Saturday was a milestone day. I made my 100th v60 pourover and I learned a lot along the way. I was first introduced to specialty coffee some time last year thanks to my friend, Steffen Sommers of Lift Coffee Roasters in Riverside. Lift and specialty coffee roasters like them offer coffee that is roasted in much smaller batches, that’s seasonal, and offer more vivid flavors than anything that you could find at a Starbucks or Dunkin Donuts. I was amazed at how delicious and drinkable the coffee was without requiring any cream or sugar to mask undesirable flavors. He helped my wife put together all the necessary components for a pourover set up as a Father’s Day present. And there began the slow process of making a great cup of coffee at home.
Last Father’s Day I opened up a Hario 02 carafe, a Hario Buono kettle, a Hario v60 ceramic pourover cone, and v60 paper filters. One hundred of them, that’s how I know I hit that milestone.
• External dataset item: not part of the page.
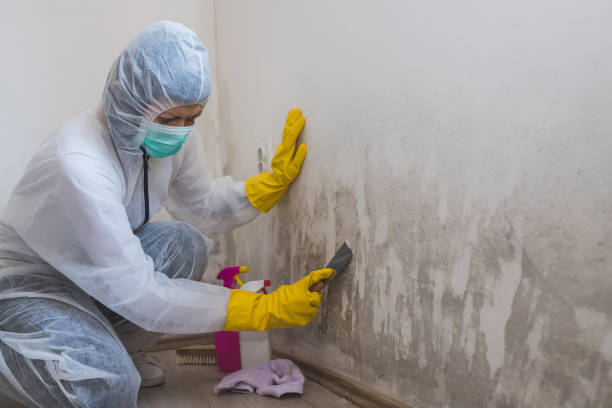 Best Localized Mold Remediation (e.g., coastal areas, humid climates) in Winfield, KS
I finished my first bag of filters. The great cups didn’t start at day one and that was my fault mostly because I was reluctant to buy into the voodoo magic of third wave coffee.
My first pourovers were made using second wave coffee, much to the chagrin of Steffen. He told me the beans would be all the difference but I didn’t believe him, so I used whatever beans I had around the house (Starbucks Christmas blend most likely).
In the fall of last year I ran into a former student. Bobby Hernandez happened to be serving coffee, specialty coffee, at my kid’s school. He owns Recreational Coffee and it’s opening soon in downtown Long Beach. After getting over the shock of running into each other there, we really got down to discussing good coffee. We exchanged numbers and I really began to learn via text about the world of specialty coffee.
I’m truly blown away by the amount of effort and passion these guys and the vast majority of the specialty coffee world have for their product and their way of doing things. Many roasters take trips to countries where the coffees are grown, get to know the farmers, and then sometimes bring those farmers here to educate staff on the coffee and how to bring out the best in the bean. Bobby sold me my first bag of specialty coffee, Elida Washed from Portola Coffee Lab in Costa Mesa, CA. That was on my birthday this year and I haven’t looked back.
I really want to share so much about specialty coffee, and honestly, I’m having a hard time figuring out just where to get started. What would you like to know? How can I help? I’ll take some time over the next few weeks to address questions and further explore the topic.